International Student Loans are now a very realistic way to finance your education in U.K, Australia, Canada and United States of America. Loans are very flexible, and can offer loans high enough to finish your entire education program, but, with extended repayment terms and reasonable interest rates involved, you can afford the repayment of the loan when you graduate.
All international students applying for loans must have a co-signer from that country you’re applying the loan before you are allowed to apply. A co-signer is legally obligated to pay back the loans if the borrower does not pay.
The co-signer should be a permanent resident of the country with a higher credit history/background, especially in a country like U.S the person should have lived in the U.S for the past 2 yrs.
The co-signer is usually a friend or relative who is able to help out in getting credit, because most international students cannot receive credit on their own.
Interest is the total amount charged by the lender apart from the amount of money that you just borrowed. The interest rate is “calculated based on an index plus” including a margin, which will add an additional percentage rate of interest determined by your co-signer’s creditworthiness. Two of the most common indexes often used for international students are the Prime Rate and LIBOR Rate.
Prime Interest Rate – This index depends on the government funds rate that’s set by the federal government of the country, for instance, in U.S this rate is set by the U.S federal government.
LIBOR – The LIBOR (London Interbank Offered Rate) is based on the British Bankers’ Association and is used on the London interbank market. The “interest rate is average of the world’s most creditworthy bank’s interbank deposit rates for overnight and one year terms”.
When you’re evaluating the borrowed loans, the creditor will clarify which index the plan uses. Then, you will have a different margin which will be added based on the borrower’s individual criteria, like the co-signer’s credit history.
Depending on their creditworthiness, an additional monthly interest rate will be added to the index. This would be the total interested you owe and need to pay back when the repayment starts.
Once your application is approved, your specific margin should be revealed to you, at which you can accept or reject the loan.
Repayment will be different with respect to the loan option you decide on. Because most international students are unable to work while they study in that country, repayment has to be considered very important feature in your loan.
You need to consider how much the monthly installments will likely be, when payments will start, and how long it will be possible to defer repaying the loan (If needed). The payment term generally varies from 10-25 years, but the larger the amount of the loan, the more time the repayment period.
The standard payment schedule option is:
Full Deferral – Students can easily defer payment up to 6 months after graduation, provided the student full-time status is maintained. Students can defer payments for at most 4 years, the actual duration of the program (degree).

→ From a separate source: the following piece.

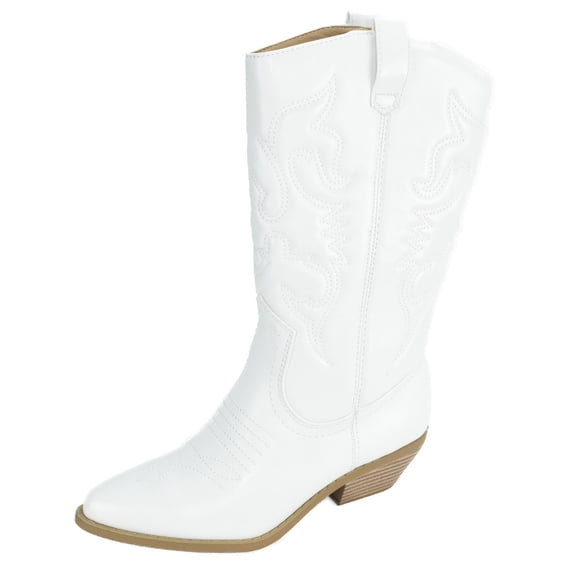 Soda Reno-S Cowboy Pointed Toe Knee High Western Stitched Boots White (8, White)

Interest Only – International students only pay the interest whilst in school, up to four consecutive years, and can defer the principal of the loan until 45 days after graduation, or if the student drops their required course load to a part-time.
Immediate Repayment – Payments on both interest and principal are due immediately once the loan has been dispersed to the borrower.
What is the Maximum Loan Amount I Can Borrow?
You should be able to apply up to the total amount to complete your school program, minus other aid, as determined by your school. To find out exactly the maximum amount you can borrow, you will need to contact your school’s financial aid office. After you apply and receive credit approval for your co-signer, your school must certify the amount the loan should be.
Final Word: When the loan is used responsibly as part of a standard education funding plan, international student education loans can help to place an excellent education within reach, regardless of the financial circumstances of your family.